### Your task
Within the records that follow, restate exactly the lines from the line with "شمش طلا نیم گرمی ۲۴ عیار زیوتو" down to the line with "Apple Butter Cinnamon", including both. Omit the pictures.

### Dataset records
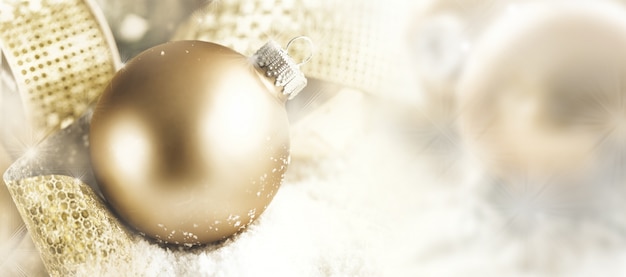 Closeup Christmas ball decoration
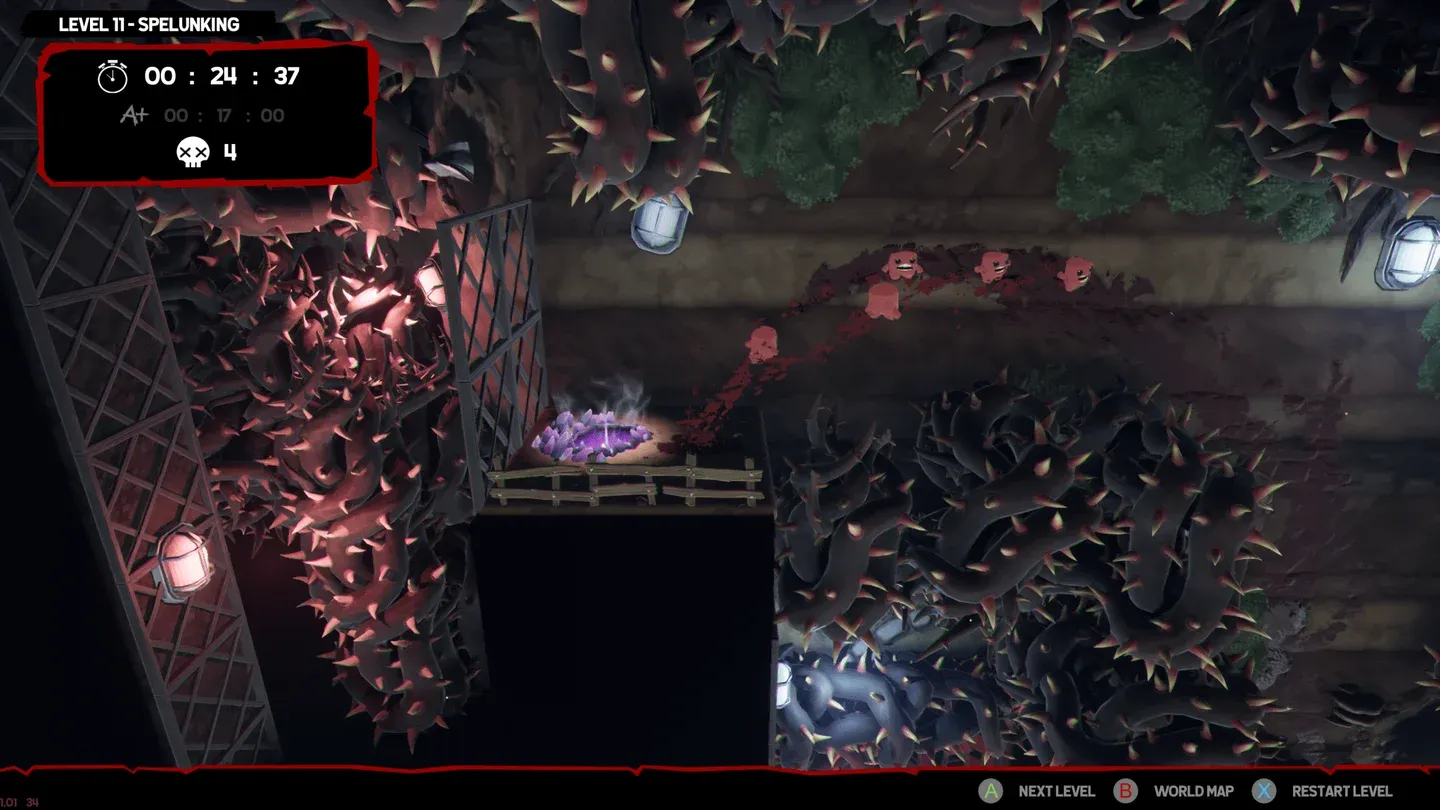 Dark World level select screen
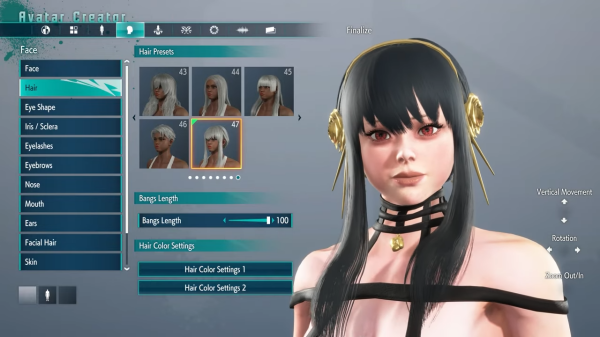 캡콤에서 배포한 요르 포저 공식 아바타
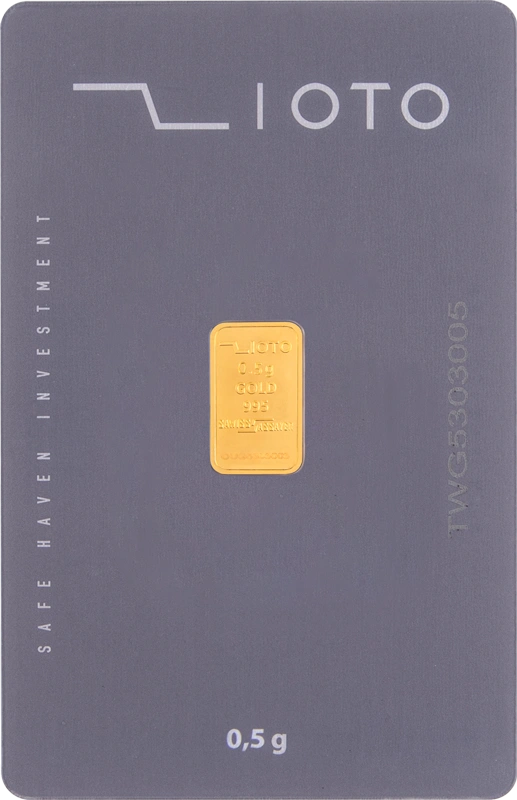 شمش طلا نیم گرمی ۲۴ عیار زیوتو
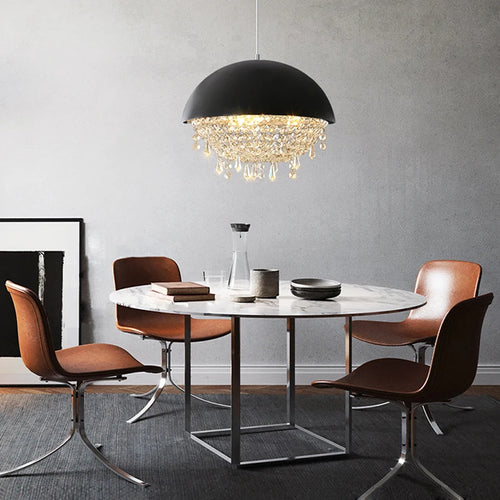 suspension créative en cristal hémisphère pour intérieur - vue 6 sur 18
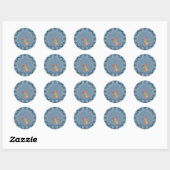 Autocollant de récompense bleu élève singe de cirq (Feuille)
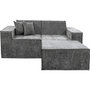 Voir la diapositive 1 : Habitat et Jardin Canapé droit modulable avec ottoman en tissu texturé  Lusso  - 3 places - Gris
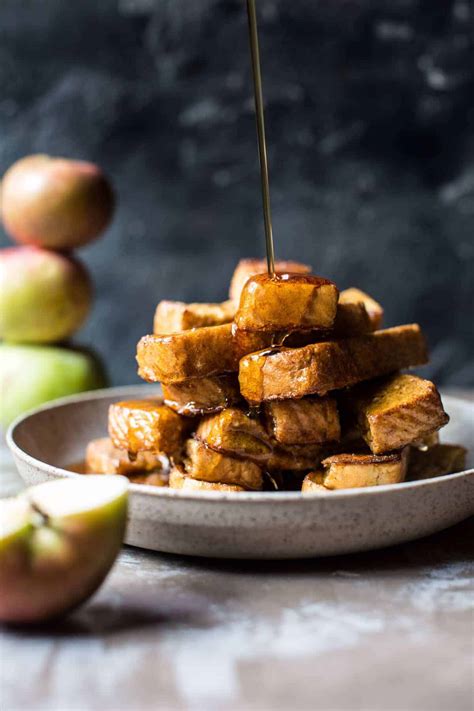 Apple Butter Cinnamon French Toast Sticks + Video - Half Baked Harvest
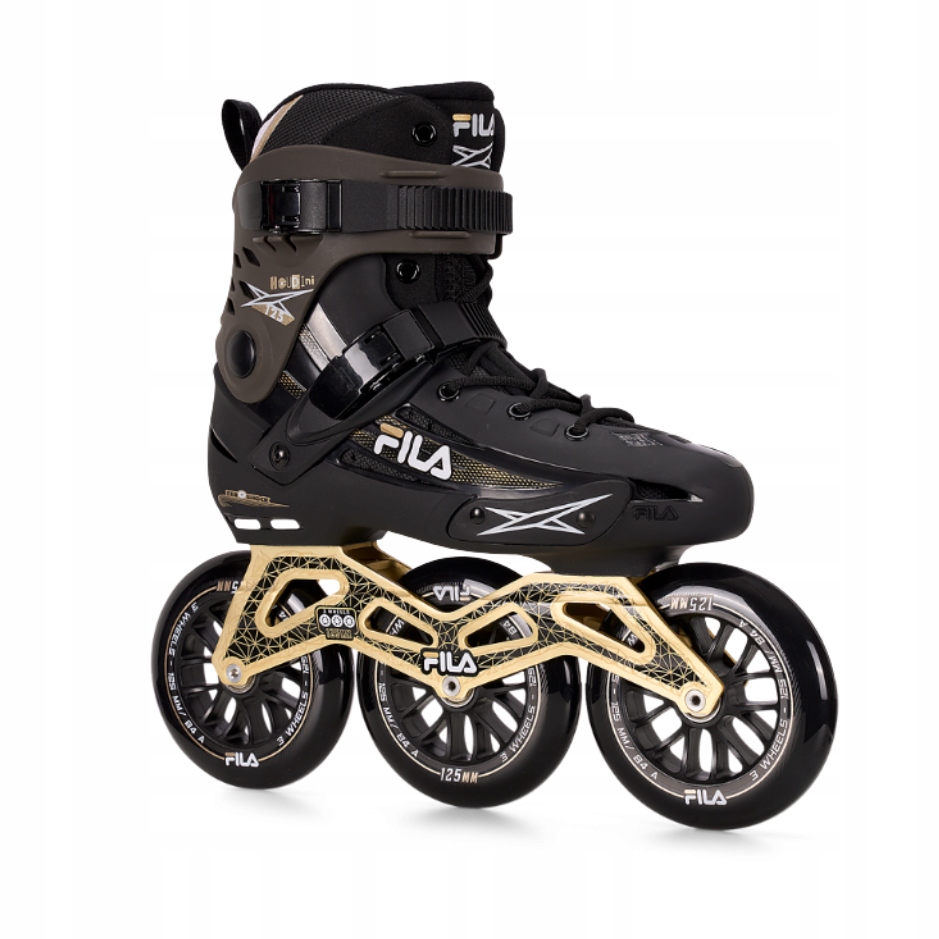 Fila Rolki Fila Houdini 125 Black/Gold, 10.0, 44, 3x, 125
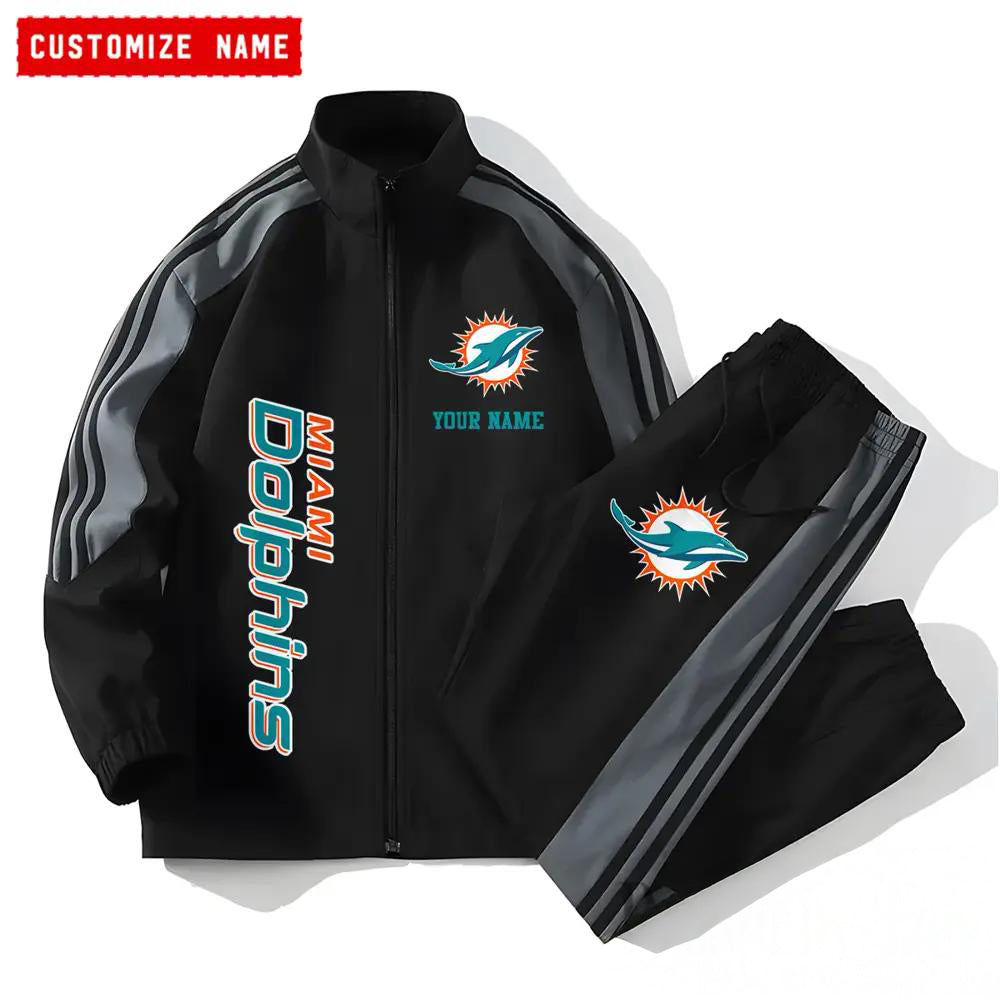 Miami Dolphins Combo Versatile Sports Jacket And Pants EM19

### Output for this task
 شمش طلا نیم گرمی ۲۴ عیار زیوتو
 suspension créative en cristal hémisphère pour intérieur - vue 6 sur 18
 Autocollant de récompense bleu élève singe de cirq (Feuille)
 Voir la diapositive 1 : Habitat et Jardin Canapé droit modulable avec ottoman en tissu texturé  Lusso  - 3 places - Gris
 Apple Butter Cinnamon French Toast Sticks + Video - Half Baked Harvest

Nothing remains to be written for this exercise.